City, who last month topped the Deloitte money league of the world’s richest clubs, appear to be confident they can ride out the storm, insisting there is “irrefutable” evidence that supports their case. It is not the first time the club, transformed on and off the pitch after their takeover by the Abu Dhabi United Group in 2008, have been in the spotlight over issues of finance.
City were fined 60 million euros ($64 million) in 2014 for breaching UEFA’s Financial Fair Play regulations. The club were banned for two years from UEFA competitions in February 2020 by European football’s governing body for “serious financial fair play breaches”, but the sanction was overturned by the Court of Arbitration for Sport later that year.
Last year City manager Pep Guardiola made it clear that he would walk away from the club if he discovered he had been lied to by the club’s owners — a worst-case scenario for City, who have won four of the past five Premier League titles under his leadership.
The Times’ chief football writer Henry Winter said City faced “allegations of wrongdoing on an industrial scale…If proved, the ensuing punishment should be designed to deter others who believe they can copy the City playbook.”
But Simon Chadwick, professor of sport and geopolitical economy at the SKEMA Business school in Paris, said wider issues were at play.
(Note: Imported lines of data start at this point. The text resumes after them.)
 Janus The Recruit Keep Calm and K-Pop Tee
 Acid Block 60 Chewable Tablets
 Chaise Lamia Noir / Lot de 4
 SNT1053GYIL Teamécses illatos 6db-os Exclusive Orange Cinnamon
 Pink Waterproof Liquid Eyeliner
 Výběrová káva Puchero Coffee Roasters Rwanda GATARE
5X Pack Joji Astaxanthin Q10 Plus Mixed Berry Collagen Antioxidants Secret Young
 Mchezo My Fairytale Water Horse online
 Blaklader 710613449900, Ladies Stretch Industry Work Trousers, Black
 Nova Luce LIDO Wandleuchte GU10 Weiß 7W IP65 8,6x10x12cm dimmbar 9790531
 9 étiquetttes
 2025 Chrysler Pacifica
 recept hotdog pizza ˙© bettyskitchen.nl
He pointed out that the British government will shortly publish a white paper — a consultation document, which could form the basis of legislation — which is expected to support the creation of an independent regulator for football.
“The Premier League is stuck between a rock and a hard place because it feels pressed by the government to take a more robust approach to finance and governance but it will also be acutely aware that the government is essentially getting it to do its dirty work for it,” said Chadwick.
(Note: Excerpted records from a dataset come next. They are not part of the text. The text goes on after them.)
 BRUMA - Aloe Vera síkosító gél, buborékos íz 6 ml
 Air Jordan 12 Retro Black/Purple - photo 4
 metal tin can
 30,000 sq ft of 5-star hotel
Football finance expert Kieran Maguire also highlighted the political context of the government’s drive to shake up football administration.
“The Premier League is opposed to an independent regulator in football and I don’t want to go down a huge conspiracy route, but the Premier League wants to prove to all interested parties that it’s capable of keeping its house in order,” he told the BBC.
Neither Maguire nor Chadwick believe City face a realistic prospect of relegation, with Chadwick saying a compromise was the most likely outcome of what could be a lengthy process. “If British competitive advantage in football is not to be undermined, you can’t have a signal being sent to Abu Dhabi, to the United States, to Saudi Arabia, to others that Britain is going to enforce draconian rules on overseas investors,” he said.
So are there broader implications for clubs that are effectively backed by states such as City and Paris Saint-Germain, who are Qatari-owned? “This is a battle of our era, which is a domestic governing body trying to enforce rules on transnational organisations that operate across international boundaries, often with the support or help of state governments,” said Chadwick, who emphasised the importance of foreign cash in the English game.
“The British government and the Premier League cannot afford to disaffect, antagonise, push away potential foreign investment especially post-Brexit, during this very difficult economic period.”
He believes the eventual outcome to the Manchester City case will be one that “shows capitulation on the part of the Premier League and the British government”.
“But the way in which it is eventually spun will be that the government and the Premier League have protected their asset and upheld certain principles of good governance,” Chadwick added.